I cleaned all the fruit ,cut it up, and threw it all together in my must bag in a stock pot. I added 1 gal water and 1 campden tab and let it sit for approx 18 hrs. I then smashed the must bag well and added everything into the primary with the slurry. 

I stared 1Gal water heating on the stove and dissolved the 5lb sugar into that. After letting that cool i added it to the primary and stirred very well.
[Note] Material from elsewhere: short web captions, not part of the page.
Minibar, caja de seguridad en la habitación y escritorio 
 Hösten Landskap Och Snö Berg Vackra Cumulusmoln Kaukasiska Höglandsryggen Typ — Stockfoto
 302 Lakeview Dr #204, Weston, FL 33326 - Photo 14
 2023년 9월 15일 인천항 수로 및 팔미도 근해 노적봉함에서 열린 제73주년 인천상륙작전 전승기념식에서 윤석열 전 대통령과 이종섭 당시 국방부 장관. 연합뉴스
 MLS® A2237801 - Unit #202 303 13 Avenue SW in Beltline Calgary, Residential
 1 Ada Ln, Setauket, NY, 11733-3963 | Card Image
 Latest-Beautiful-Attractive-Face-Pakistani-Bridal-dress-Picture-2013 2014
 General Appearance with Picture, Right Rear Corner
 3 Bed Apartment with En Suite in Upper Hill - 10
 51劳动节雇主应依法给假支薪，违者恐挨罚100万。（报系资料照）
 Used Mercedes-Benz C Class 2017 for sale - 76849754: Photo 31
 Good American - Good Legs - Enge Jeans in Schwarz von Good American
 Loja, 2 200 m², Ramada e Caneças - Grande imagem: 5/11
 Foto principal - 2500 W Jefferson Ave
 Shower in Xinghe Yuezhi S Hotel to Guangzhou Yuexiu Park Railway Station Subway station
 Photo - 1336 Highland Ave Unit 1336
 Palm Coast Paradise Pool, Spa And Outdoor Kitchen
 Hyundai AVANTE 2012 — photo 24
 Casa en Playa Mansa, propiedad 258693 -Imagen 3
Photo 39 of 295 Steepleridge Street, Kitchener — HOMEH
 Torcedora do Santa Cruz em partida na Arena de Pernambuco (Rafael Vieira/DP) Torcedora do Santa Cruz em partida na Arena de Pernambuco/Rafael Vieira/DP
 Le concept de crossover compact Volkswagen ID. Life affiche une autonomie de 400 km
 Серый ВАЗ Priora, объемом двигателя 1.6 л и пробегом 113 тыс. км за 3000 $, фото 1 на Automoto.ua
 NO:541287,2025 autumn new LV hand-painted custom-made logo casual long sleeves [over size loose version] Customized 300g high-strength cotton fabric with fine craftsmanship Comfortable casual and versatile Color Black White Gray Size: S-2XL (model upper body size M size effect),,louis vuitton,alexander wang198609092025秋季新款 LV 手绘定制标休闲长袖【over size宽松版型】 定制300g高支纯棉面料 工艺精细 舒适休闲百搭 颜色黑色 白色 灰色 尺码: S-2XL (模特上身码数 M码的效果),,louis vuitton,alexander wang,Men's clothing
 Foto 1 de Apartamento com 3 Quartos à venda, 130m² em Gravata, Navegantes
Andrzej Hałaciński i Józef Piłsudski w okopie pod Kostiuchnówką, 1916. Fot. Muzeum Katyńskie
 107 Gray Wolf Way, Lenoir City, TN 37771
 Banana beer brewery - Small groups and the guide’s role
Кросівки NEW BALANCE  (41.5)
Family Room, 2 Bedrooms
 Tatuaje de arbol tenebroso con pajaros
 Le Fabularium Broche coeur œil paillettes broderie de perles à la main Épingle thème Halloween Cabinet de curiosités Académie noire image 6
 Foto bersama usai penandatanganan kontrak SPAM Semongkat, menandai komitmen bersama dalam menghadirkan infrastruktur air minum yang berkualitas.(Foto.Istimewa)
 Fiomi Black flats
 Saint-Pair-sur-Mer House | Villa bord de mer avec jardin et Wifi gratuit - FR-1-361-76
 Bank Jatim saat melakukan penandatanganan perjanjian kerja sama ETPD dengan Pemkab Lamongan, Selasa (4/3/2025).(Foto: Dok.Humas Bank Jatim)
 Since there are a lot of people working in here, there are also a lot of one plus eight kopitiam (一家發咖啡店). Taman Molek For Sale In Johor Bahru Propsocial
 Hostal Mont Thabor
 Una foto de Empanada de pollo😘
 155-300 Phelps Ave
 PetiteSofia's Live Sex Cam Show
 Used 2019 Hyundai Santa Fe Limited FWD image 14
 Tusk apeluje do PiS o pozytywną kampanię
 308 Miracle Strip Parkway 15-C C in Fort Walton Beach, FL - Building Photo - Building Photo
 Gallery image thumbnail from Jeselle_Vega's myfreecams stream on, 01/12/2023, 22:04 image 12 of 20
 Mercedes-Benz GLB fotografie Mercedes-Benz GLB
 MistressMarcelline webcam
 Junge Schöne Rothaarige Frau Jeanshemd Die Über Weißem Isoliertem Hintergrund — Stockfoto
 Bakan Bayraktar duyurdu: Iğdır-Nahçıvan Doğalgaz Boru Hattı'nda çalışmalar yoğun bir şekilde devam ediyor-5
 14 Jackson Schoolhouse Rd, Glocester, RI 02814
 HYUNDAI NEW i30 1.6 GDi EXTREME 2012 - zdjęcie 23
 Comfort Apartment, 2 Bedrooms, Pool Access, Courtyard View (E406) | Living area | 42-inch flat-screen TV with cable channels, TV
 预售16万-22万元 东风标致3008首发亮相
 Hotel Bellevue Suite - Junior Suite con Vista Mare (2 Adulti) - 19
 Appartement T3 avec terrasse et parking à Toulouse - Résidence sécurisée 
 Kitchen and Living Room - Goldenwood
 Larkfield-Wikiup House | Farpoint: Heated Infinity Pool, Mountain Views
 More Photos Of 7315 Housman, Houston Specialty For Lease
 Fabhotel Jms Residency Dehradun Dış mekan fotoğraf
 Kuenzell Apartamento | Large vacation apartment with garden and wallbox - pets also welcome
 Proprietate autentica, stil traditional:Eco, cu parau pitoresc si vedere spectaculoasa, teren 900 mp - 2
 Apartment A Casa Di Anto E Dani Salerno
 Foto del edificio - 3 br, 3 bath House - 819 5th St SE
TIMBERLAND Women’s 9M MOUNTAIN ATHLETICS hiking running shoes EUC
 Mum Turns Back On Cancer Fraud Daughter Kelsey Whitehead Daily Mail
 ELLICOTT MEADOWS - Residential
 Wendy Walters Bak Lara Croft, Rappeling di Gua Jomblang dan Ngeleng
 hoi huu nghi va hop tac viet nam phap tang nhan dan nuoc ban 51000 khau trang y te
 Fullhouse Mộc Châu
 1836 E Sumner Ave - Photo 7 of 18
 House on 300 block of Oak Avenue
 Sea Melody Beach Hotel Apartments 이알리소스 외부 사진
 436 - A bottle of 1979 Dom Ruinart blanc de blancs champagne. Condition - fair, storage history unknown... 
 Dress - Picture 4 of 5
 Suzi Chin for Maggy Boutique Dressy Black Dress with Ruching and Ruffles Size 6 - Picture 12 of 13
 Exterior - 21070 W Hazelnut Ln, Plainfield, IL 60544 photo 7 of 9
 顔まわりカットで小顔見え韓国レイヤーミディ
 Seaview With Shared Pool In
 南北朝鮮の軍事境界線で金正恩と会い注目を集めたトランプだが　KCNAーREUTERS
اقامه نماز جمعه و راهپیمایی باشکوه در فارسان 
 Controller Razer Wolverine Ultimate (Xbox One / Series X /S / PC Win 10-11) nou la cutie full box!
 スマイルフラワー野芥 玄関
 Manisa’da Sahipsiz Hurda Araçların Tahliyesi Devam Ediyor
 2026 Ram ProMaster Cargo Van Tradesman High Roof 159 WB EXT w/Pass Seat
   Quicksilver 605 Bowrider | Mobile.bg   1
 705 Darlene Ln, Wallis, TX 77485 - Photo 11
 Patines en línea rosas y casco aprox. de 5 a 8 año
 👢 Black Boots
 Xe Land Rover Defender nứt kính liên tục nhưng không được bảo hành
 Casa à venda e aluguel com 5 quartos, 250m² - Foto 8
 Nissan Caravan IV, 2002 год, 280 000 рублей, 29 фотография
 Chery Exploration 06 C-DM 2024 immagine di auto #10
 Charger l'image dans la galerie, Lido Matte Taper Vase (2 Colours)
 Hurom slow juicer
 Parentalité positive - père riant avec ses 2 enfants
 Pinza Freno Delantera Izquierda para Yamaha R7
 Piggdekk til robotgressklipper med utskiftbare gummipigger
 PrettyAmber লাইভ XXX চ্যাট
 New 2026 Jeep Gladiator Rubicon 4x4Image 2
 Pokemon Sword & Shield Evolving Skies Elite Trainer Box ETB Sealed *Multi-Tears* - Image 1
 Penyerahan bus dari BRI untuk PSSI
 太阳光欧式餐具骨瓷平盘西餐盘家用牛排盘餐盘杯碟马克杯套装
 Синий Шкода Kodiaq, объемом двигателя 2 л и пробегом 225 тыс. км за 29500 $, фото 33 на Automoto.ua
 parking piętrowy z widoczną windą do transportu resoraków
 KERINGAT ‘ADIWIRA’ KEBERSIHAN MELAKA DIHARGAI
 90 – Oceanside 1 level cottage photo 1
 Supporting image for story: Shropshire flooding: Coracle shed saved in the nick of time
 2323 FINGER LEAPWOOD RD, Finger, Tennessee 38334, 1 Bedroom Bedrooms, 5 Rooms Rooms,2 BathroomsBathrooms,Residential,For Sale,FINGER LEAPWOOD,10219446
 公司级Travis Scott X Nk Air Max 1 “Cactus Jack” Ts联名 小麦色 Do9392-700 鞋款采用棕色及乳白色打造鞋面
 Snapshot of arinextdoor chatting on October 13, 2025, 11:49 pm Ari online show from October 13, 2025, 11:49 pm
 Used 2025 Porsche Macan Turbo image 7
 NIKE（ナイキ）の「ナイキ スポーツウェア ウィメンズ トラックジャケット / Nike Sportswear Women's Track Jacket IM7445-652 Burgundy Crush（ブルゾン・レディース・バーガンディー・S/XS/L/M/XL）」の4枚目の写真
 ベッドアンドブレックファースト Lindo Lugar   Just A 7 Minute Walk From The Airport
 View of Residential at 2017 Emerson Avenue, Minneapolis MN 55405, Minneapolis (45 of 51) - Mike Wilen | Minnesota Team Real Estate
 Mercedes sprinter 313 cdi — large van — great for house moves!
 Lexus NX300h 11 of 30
I took an initial SG reading of 1.080 and covered with a towel. The Ferment was bubbling some within 30 mins.


----------



## Tom (Nov 2, 2011)

I don't think you have enough fruit for 3 gallons


----------



## jojoscoot (Nov 2, 2011)

really? 12.5lbs total...... what would you have recommended for 3 gals in this style/flavor? I assumed that the citrus fruits would have a strong flavor in the finished product......is this a poor assumption? :<


----------



## Tom (Nov 2, 2011)

Yes, Strawberry is mostly water. So, 6-8#'s per gallon
Pineapple s/b 5-6# per gal
Oranges same


----------



## jojoscoot (Nov 2, 2011)

Wow.....I was basing my lbs. off recipes on ECKraus website ....... suggests 18lbs strawberries and 15 lbs pineapple for 5 gallon batches respectively so i took a stab at 12lbs fruit for 3gals . will i be able to correct the lack of fruit flavor by backsweetening say with a concentrate in the end?


----------



## Tom (Nov 2, 2011)

Yes.
the more the more body and flavor. F-pac are needed in ALL fruit wines. 
( I make a ton of fruit wines) ask around.


----------